## Exercise brief
What is needed is an exact transcription of every entry below, with the pictures left out.
[[ Materials provided, beginning ]]
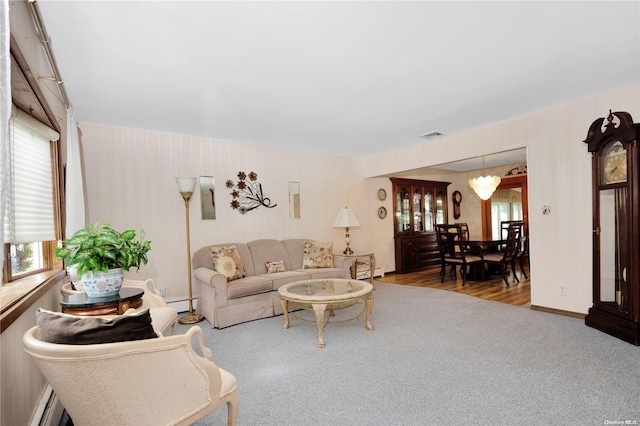 living room with carpet floors, a chandelier, and a baseboard heating unit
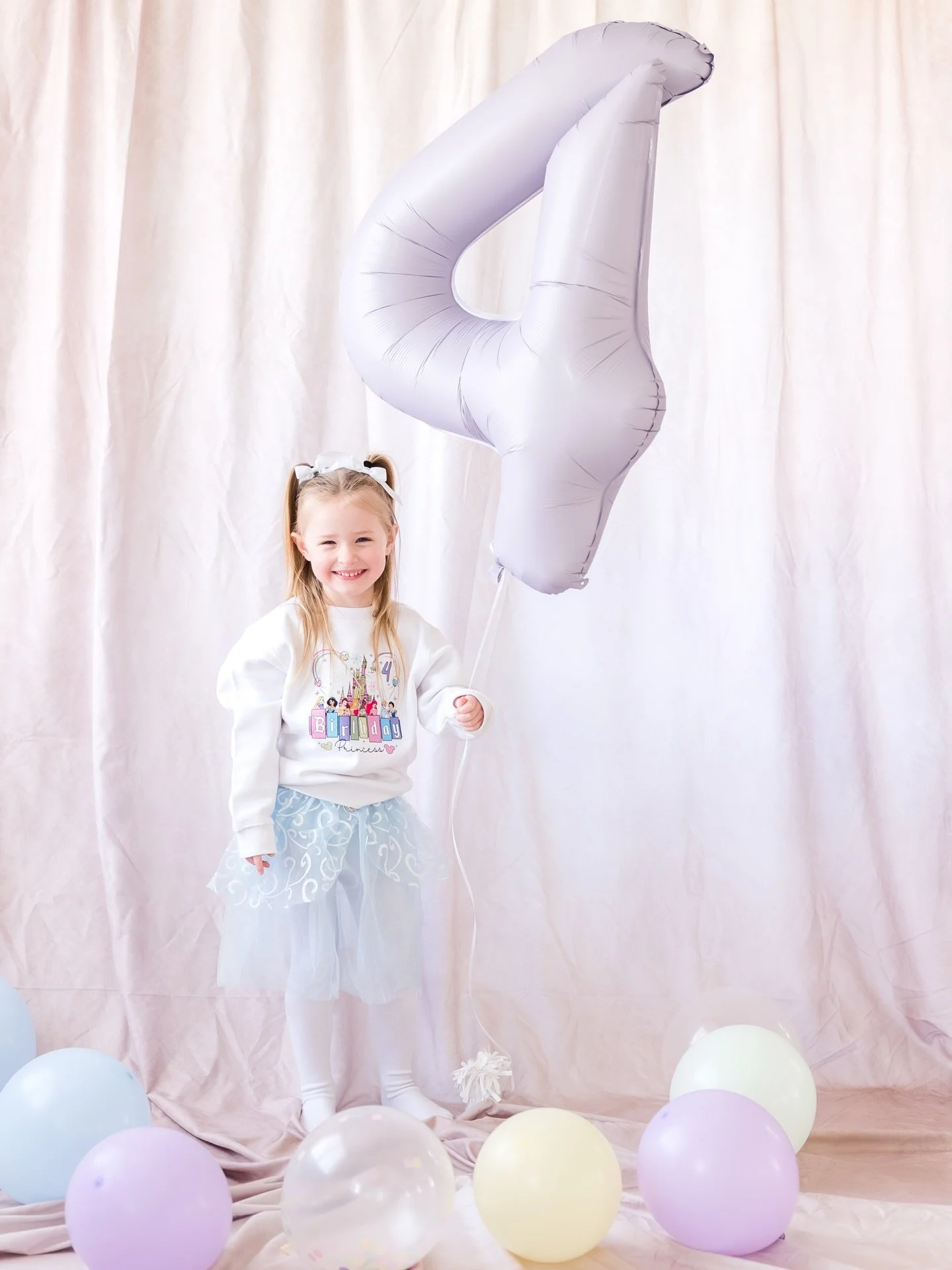 FOUR the first time in FOURever&hellip; Mazie is FOUR! 💜

These birthday milestones are some of my favorite moments to capture each year. Watching them grow, change, and become more of who they are is so special&mdash;even if it all happens far too 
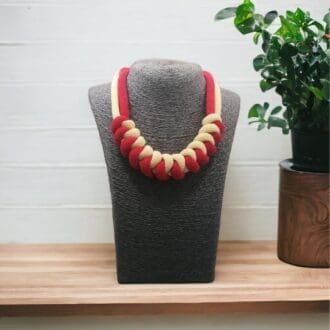 Chunky red and yellow statement rope necklace displayed on a model bust against a light background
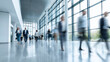 © Curioso.Photography - People walking in modern office hallway with motion blur.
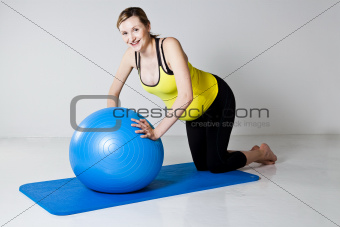 Pregnant woman doing push-up exercise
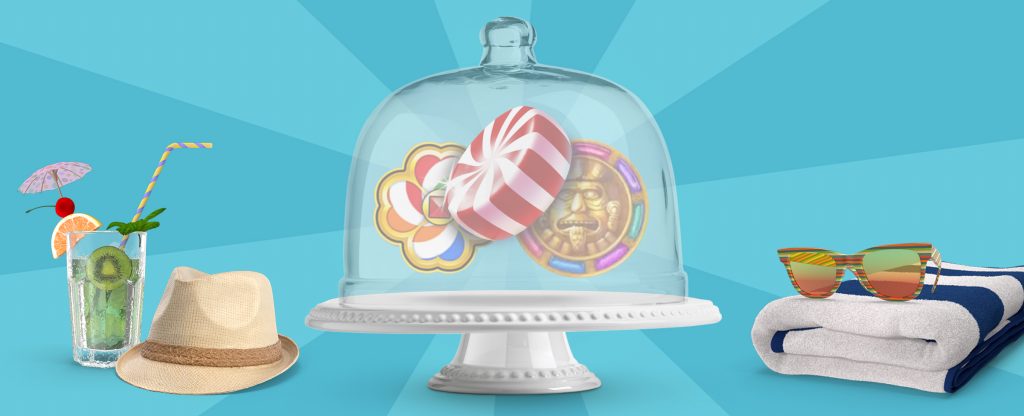 A 3D-animated a cake stand with a glass cloche, filled with two swirled candies and a stone carving - symbols from Cafe Casino slot games.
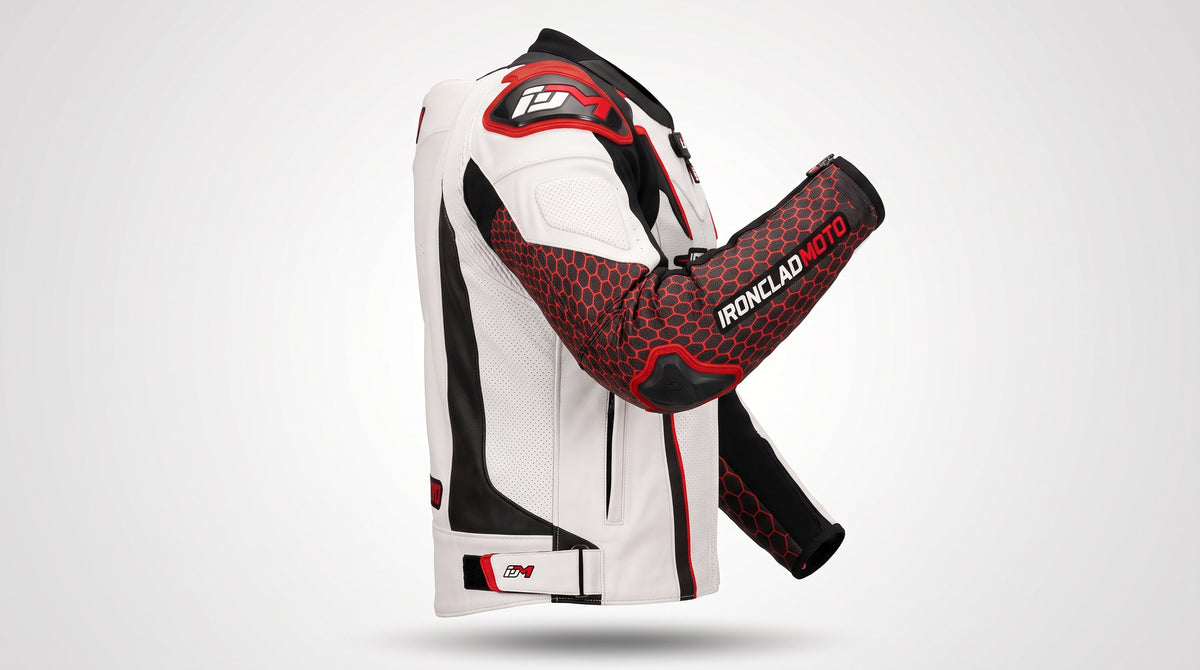 A white leather motorcycle jacket with black and red accents, shown from the side with one arm extended to display the matching red and black Ironclad Moto arm guard against a light gray background.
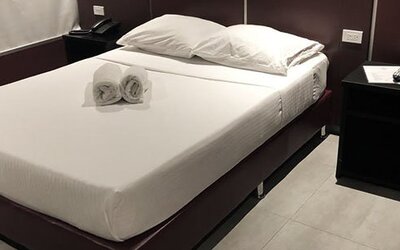 A double bed with white linens and rolled towels, dark bedside tables and wood-look flooring at Residencial & Hotel Palazzo.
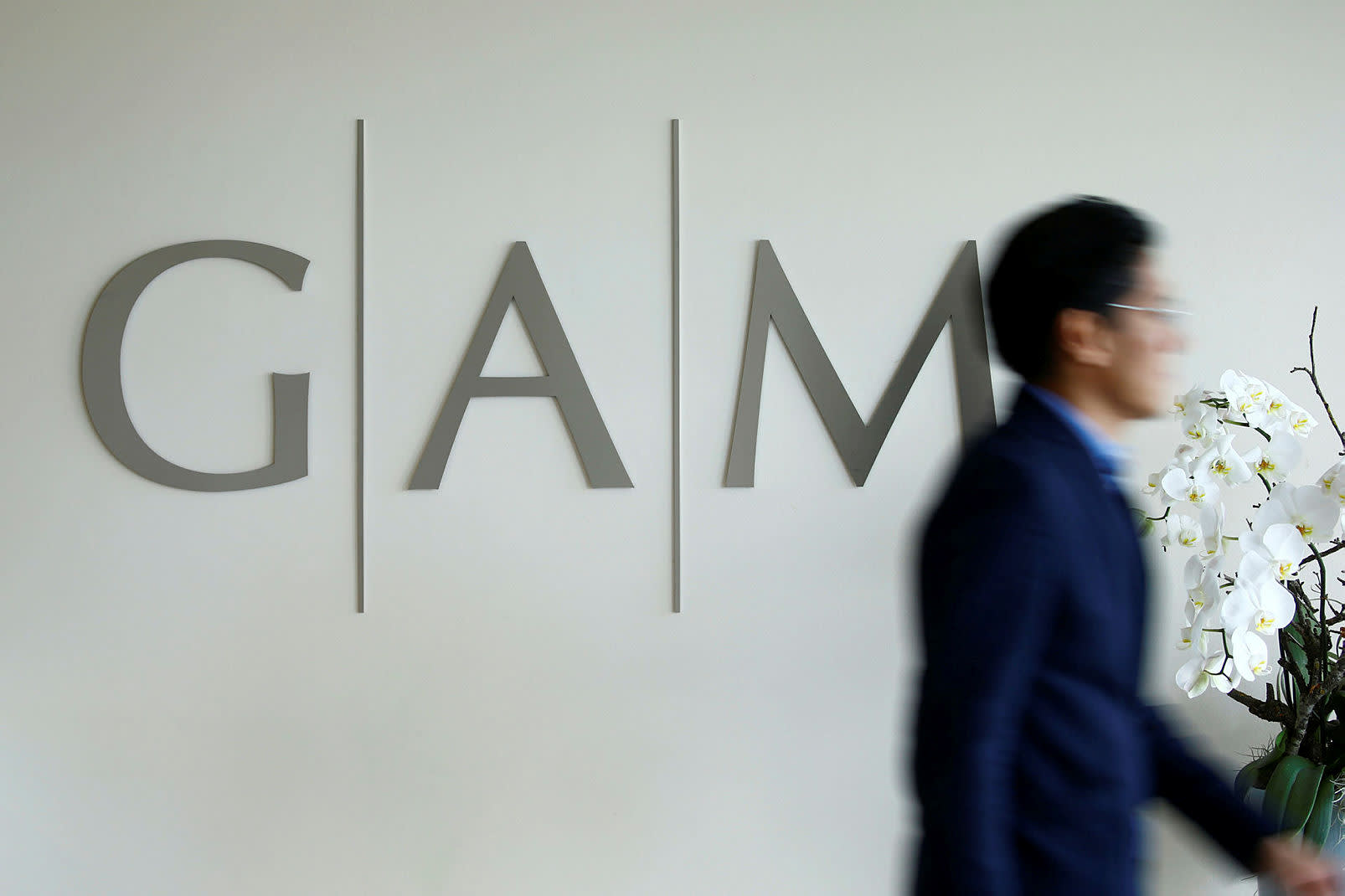GAM issues profit warning after AUM drop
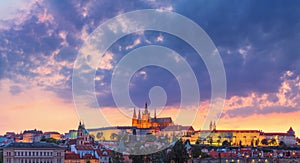 Cityscape at sunset - view of the historical district of Hradcany with the castle complex Prague Castle, Prague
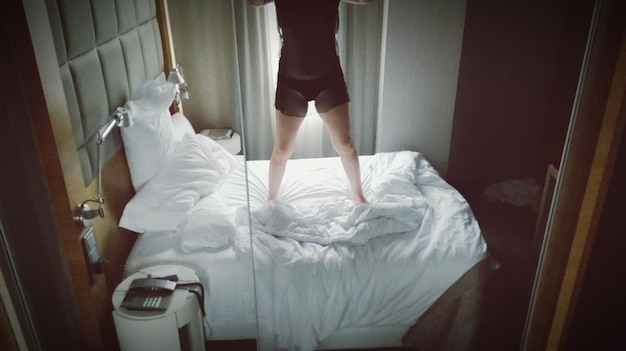 Photo low section of man standing on bed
[[ Materials provided, end ]]
## Problem solution
 living room with carpet floors, a chandelier, and a baseboard heating unit
 FOUR the first time in FOURever&hellip; Mazie is FOUR! 💜

These birthday milestones are some of my favorite moments to capture each year. Watching them grow, change, and become more of who they are is so special&mdash;even if it all happens far too 
 Chunky red and yellow statement rope necklace displayed on a model bust against a light background
 © Curioso.Photography - People walking in modern office hallway with motion blur.
 Pregnant woman doing push-up exercise
 A 3D-animated a cake stand with a glass cloche, filled with two swirled candies and a stone carving - symbols from Cafe Casino slot games.
 A white leather motorcycle jacket with black and red accents, shown from the side with one arm extended to display the matching red and black Ironclad Moto arm guard against a light gray background.
 A double bed with white linens and rolled towels, dark bedside tables and wood-look flooring at Residencial & Hotel Palazzo.
GAM issues profit warning after AUM drop
 Cityscape at sunset - view of the historical district of Hradcany with the castle complex Prague Castle, Prague
 Photo low section of man standing on bed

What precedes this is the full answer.